Institutional Investor Hall of Famer Richard Bernstein warns retail investors will pay a big price for getting caught up in speculative trades.
Bernstein, who has spent decades on Wall Street, cites the democratization of the market as a critical contributor to the excessive euphoria. He worries naiveté will ultimately put amateurs in difficult positions.
"Bubbles show up in a number of different formats, and this is a classic," the Richard Bernstein Advisors CEO and CIO told CNBC's "Trading Nation" on Wednesday. "You're basically playing with fire."
He also attributes tremendous amounts of liquidity due to Federal Reserve policies and the increase of leverage for the risk taking backdrop. According to Bernstein, the mania talks to a bifurcated market where one part ridiculously speculative while the other is virtually ignored.
"Trading volumes are up pretty dramatically," he said. "We really have a bubble going on in that half of the market."
"If you're worried about what's going on... you should be a seller," said Bernstein. "Will fundamentals win? Always."
The short squeezes emerged after Reddit chat boards encouraged retail investors to quickly drive up the price of a handful of stocks to push out those betting against them. As a result, hedge funds shorting these stocks were forced to jump back in and buy them to cover losses.

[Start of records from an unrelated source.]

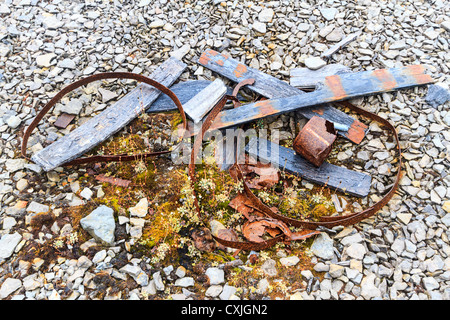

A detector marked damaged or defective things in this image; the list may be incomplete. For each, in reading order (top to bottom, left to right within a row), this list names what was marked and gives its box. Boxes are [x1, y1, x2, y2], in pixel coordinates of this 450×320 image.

broken wooden slat [322, 32, 360, 59]
rusted metal fragment [53, 112, 75, 128]
broken wooden slat [31, 57, 186, 172]
broken wooden slat [182, 78, 227, 123]
rusted metal fragment [199, 48, 368, 143]
broken wooden slat [199, 49, 368, 144]
rusted metal fragment [292, 117, 338, 168]
broken wooden slat [199, 64, 434, 134]
broken wooden slat [290, 63, 354, 89]
orange rust stain [326, 75, 346, 100]
orange rust stain [346, 119, 368, 144]
orange rust stain [372, 69, 398, 90]
orange rust stain [404, 64, 432, 84]
broken wooden slat [246, 138, 372, 198]
rusted metal fragment [248, 138, 370, 198]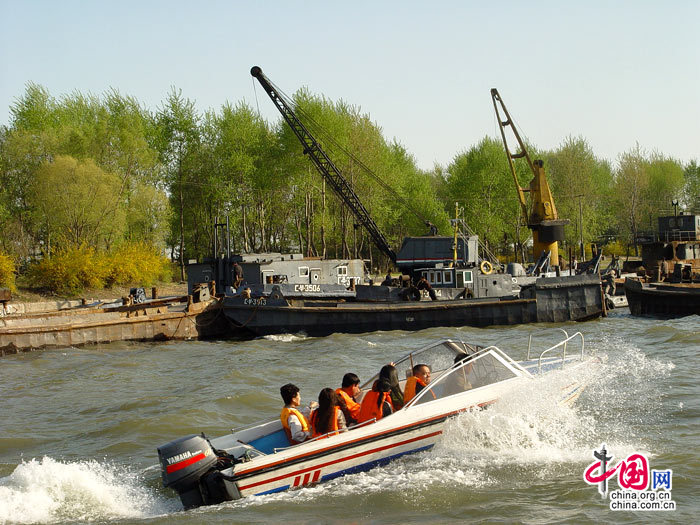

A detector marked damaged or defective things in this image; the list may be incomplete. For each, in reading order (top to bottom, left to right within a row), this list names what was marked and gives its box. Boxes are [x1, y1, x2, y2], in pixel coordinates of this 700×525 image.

rusty barge hull [0, 296, 224, 354]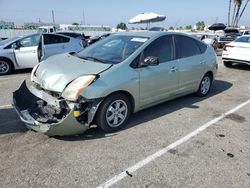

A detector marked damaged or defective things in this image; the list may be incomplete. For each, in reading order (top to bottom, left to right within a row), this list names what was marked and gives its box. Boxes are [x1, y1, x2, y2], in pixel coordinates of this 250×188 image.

detached bumper piece [12, 80, 89, 135]
crushed front bumper [12, 81, 91, 137]
damaged front end [12, 80, 102, 135]
crumpled hood [34, 53, 111, 92]
broken headlight [61, 75, 95, 101]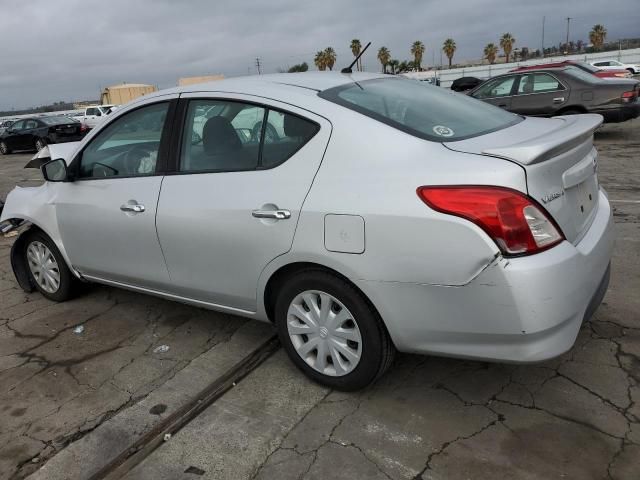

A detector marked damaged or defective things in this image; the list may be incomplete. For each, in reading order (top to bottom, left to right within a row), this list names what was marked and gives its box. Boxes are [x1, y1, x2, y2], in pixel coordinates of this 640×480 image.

cracked concrete pavement [1, 117, 640, 480]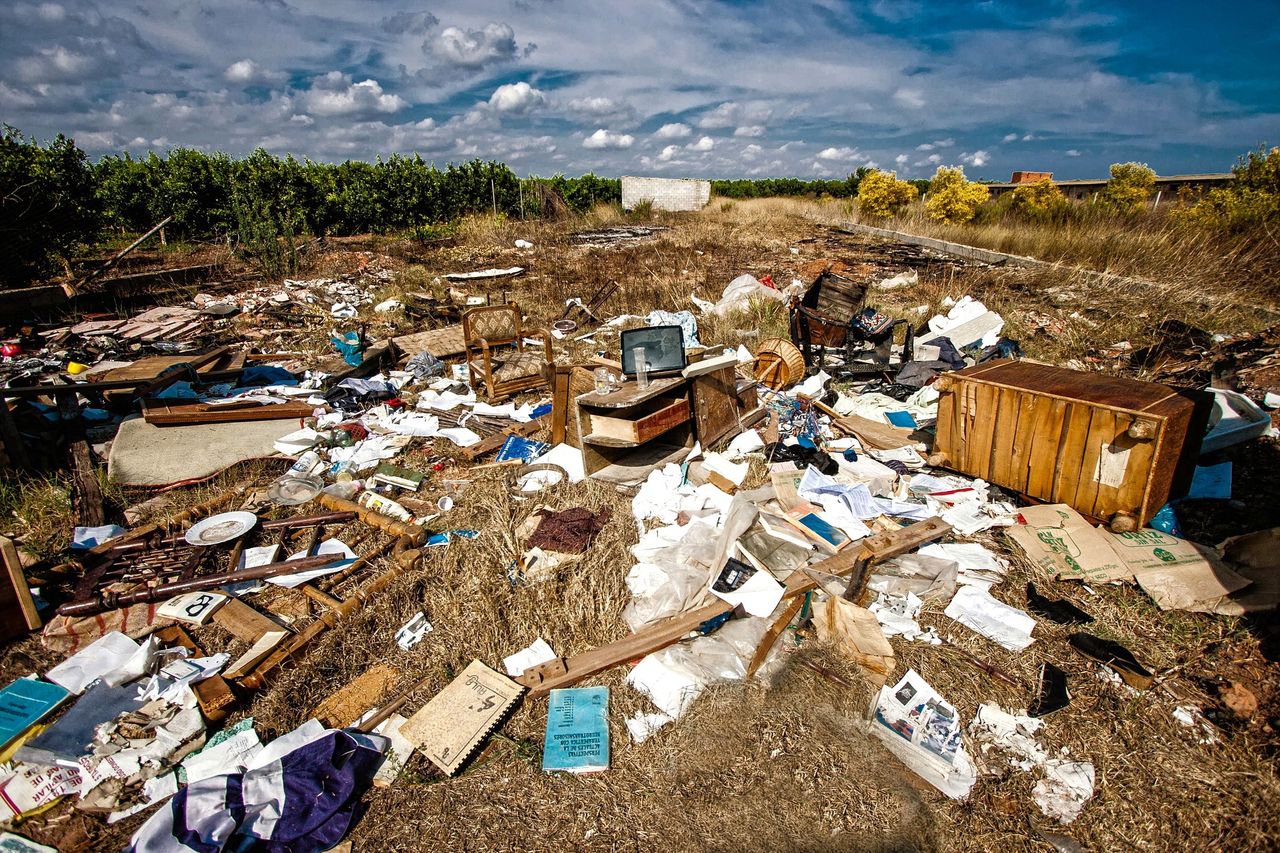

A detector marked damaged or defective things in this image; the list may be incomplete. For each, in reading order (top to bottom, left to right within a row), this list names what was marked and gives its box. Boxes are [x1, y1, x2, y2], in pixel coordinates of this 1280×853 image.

broken wood board [396, 322, 468, 356]
broken furniture [465, 303, 555, 399]
broken wood board [142, 399, 314, 425]
broken furniture [931, 356, 1208, 527]
broken wood board [212, 594, 288, 640]
broken wood board [311, 660, 399, 727]
broken wood board [399, 655, 519, 768]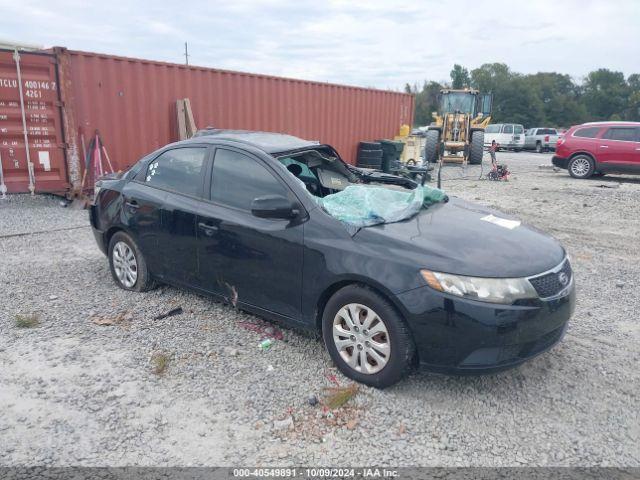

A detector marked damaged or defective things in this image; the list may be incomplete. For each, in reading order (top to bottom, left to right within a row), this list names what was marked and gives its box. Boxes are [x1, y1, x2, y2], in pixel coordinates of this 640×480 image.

shattered windshield [440, 93, 476, 114]
damaged roof [190, 128, 320, 153]
deployed airbag [314, 185, 444, 228]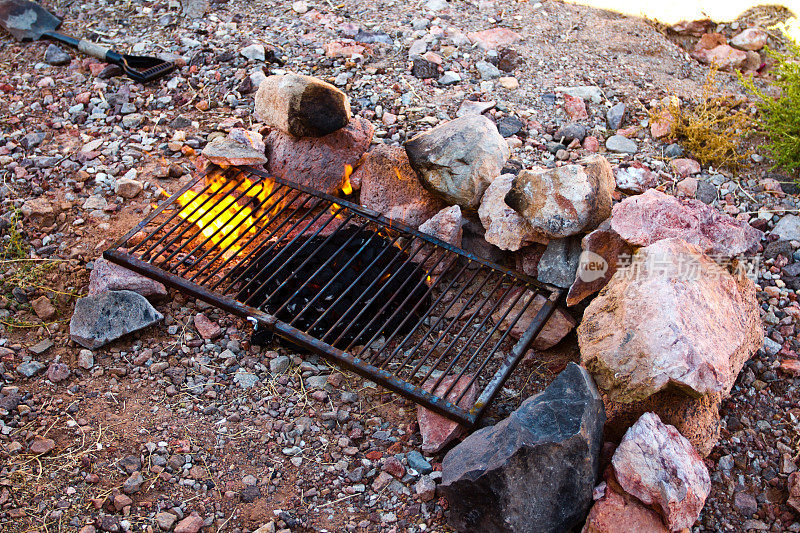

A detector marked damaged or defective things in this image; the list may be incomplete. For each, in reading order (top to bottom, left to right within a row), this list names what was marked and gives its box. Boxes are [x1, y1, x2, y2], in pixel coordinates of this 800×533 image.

rusty grill grate [103, 164, 564, 426]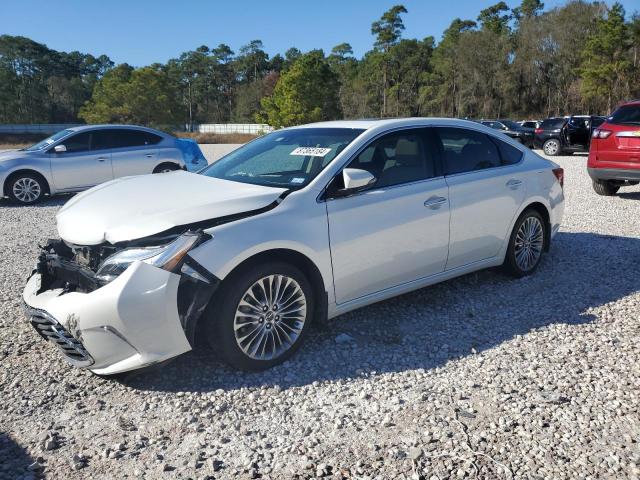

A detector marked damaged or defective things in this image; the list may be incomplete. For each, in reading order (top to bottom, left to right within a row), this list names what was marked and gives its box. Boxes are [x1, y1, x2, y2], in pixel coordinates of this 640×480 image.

crushed bumper [23, 258, 192, 376]
front-end collision damage [23, 231, 220, 374]
broken headlight [95, 232, 202, 284]
cracked hood [57, 171, 288, 246]
damaged toyota avalon [20, 118, 564, 374]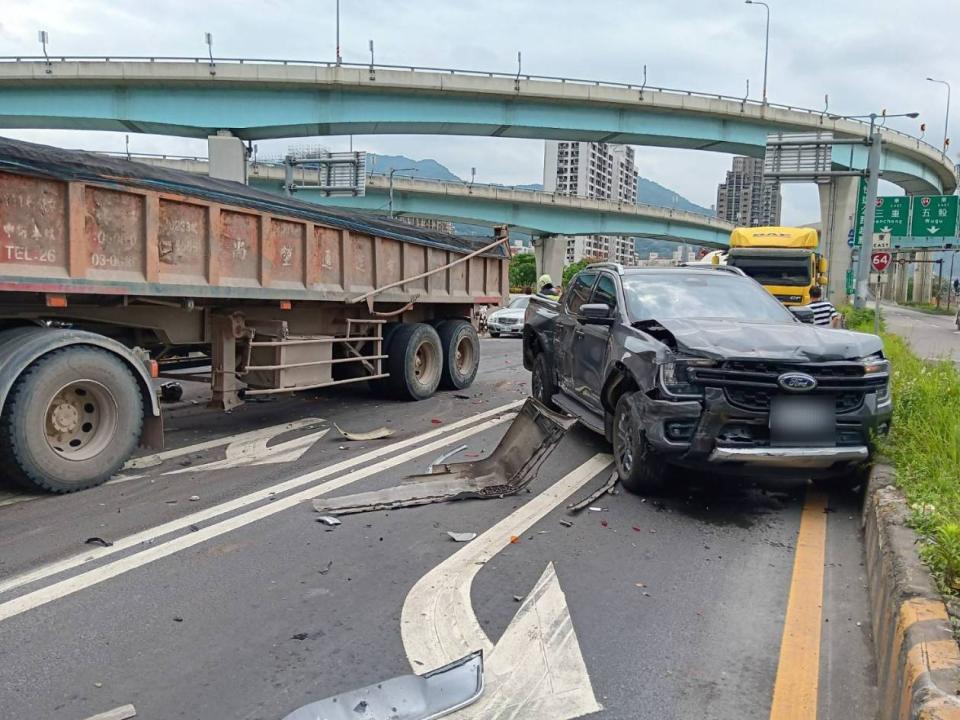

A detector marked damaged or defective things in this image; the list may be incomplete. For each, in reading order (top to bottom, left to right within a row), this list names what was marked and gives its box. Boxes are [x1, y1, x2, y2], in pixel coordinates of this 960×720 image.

rusty truck trailer bed [0, 139, 510, 306]
torn rubber mudguard [312, 396, 572, 516]
broken bumper piece [312, 396, 572, 516]
broken bumper piece [284, 648, 480, 716]
torn rubber mudguard [282, 648, 484, 716]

In GameStop's case, the stock is up more than 1,700% so far this year as of Wednesday close.
Bernstein believes the craze isn't a market-wide phenomenon and says the short squeezes are sparking significant opportunities in areas garnering less attention. The key, according to Bernstein, is patience.
He likes stocks tied to the economic recovery best, particularly energy.
"The most attractive part of the equity markets right now globally is the energy sector," Bernstein said. "If the global economy recovers, and I think most people agree it will over the next year or so, you're going to see increased demand for carbon fuels. The energy sector is dramatically under-owned. It's hugely disliked."
The group is down 27% over the past 52-weeks.